How does this simple example apply to Ontario? Peak demand is 27,000 MW, minimum is 13,000, and average 17500. We have 31,000 MW of installed capacity. We have 14,000 MW of nuclear, and 1000 MW of natural gas co-generation, that cannot be either turned up or down. We have 6500 MW of coal that can be turned up, but requires a few hour lead time to get to full capacity. We have 7000 MW of waterpower, of which half can be turned up and down very quickly. We have about 4000 MW of gas that can be adjusted with about an hour’s notice.  And we have 400 MW of wind.
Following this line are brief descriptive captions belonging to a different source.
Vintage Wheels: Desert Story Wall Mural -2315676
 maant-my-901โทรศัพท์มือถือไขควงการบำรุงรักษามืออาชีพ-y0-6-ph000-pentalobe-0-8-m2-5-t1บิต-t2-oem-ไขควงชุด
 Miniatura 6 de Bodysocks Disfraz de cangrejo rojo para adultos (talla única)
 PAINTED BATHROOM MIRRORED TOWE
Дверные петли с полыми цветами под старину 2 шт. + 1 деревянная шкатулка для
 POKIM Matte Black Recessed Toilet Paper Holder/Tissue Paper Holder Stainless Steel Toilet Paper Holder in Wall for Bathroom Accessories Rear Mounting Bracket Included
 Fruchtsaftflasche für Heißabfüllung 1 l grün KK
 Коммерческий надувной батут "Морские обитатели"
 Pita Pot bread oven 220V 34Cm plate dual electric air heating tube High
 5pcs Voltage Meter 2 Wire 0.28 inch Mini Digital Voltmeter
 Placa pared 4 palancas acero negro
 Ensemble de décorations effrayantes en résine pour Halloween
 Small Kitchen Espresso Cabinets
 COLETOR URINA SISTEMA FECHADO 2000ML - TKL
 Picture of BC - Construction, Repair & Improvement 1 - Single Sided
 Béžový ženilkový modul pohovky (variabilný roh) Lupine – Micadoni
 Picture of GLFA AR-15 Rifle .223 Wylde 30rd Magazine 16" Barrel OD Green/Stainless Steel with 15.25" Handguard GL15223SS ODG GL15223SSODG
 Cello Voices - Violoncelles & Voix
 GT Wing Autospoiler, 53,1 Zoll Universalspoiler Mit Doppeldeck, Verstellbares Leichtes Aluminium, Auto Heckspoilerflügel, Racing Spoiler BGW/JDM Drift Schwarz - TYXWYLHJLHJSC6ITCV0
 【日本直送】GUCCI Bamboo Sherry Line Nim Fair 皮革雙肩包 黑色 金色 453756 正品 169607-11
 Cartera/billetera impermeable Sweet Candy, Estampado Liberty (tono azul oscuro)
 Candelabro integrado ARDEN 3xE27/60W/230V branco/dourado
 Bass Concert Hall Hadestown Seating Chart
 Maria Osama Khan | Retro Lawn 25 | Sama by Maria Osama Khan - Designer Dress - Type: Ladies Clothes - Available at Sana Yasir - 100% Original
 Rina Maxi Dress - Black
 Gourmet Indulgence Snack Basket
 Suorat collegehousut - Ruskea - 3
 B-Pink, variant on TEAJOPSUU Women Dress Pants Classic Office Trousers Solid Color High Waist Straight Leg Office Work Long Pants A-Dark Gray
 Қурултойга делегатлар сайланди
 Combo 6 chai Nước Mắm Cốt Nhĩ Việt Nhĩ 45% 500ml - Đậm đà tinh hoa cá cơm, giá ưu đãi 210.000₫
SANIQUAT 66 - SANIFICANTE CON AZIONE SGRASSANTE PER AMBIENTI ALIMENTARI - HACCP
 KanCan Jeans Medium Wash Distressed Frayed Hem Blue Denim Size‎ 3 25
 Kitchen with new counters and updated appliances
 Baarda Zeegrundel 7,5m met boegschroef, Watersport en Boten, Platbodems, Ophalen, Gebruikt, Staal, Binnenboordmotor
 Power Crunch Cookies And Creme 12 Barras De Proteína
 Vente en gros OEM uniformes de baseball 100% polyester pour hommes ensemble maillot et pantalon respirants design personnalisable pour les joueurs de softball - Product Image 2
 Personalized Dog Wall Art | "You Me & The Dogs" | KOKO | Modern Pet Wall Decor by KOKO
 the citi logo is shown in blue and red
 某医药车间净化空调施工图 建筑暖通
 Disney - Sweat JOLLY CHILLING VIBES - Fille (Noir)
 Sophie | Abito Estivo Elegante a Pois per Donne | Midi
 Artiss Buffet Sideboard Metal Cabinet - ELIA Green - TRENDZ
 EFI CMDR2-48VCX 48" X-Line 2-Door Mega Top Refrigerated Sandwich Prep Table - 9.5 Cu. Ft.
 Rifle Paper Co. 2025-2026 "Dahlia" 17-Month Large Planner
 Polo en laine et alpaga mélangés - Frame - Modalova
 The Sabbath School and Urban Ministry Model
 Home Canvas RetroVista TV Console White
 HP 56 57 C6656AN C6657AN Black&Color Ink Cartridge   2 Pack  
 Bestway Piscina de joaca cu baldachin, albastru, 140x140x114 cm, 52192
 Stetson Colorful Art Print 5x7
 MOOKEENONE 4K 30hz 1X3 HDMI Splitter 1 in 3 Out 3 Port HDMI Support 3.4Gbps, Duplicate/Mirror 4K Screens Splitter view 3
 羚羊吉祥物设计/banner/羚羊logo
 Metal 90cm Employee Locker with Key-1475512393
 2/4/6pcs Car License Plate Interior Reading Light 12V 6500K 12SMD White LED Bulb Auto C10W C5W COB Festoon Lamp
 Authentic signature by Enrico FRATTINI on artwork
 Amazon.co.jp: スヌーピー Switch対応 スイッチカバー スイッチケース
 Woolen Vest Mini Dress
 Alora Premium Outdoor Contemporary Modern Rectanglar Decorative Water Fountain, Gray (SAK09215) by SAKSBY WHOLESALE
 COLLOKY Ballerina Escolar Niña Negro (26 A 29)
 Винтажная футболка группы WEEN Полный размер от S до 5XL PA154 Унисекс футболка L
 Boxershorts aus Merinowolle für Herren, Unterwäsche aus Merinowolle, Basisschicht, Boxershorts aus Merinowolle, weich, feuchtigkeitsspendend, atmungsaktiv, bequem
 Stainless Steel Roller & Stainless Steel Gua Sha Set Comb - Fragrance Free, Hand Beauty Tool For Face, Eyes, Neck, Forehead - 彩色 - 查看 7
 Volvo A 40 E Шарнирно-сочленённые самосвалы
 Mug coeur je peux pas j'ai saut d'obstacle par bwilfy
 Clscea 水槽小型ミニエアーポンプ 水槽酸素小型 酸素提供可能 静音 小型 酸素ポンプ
Studies done on Ontario’s electricity system demonstrate that we can add 5000 MW of wind with virtually no need to add back-up capacity, load shedding, or “instant on” capability.  And virtually all of the production from wind will reduce our use of fossil fuels.  This proportion of wind has been added in other jurisdictions, also with almost no need to make other significant changes.  Claims made by some that the cost of integrating wind is high are simply wrong.  But it does depend on the grid, the amount of load shedding, and instant on facilities that exist, and the accuracy of forecasting.  And there simply is no doubt that adding wind reduces the use of fossil fuels in any jurisdiction that makes electricity from fossil fuels.

Utility planners would be well advised to continue to refine their forecasting models (Ontario has this underway for demand), add wind forecasting to their models, and put a proper value on load shedding, instant on, or storage facilities.  Only then can an optimal mix from both a cost and environmental perspective be achieved.  And paying attention to these issues today allows maximum flexibility for future generation options.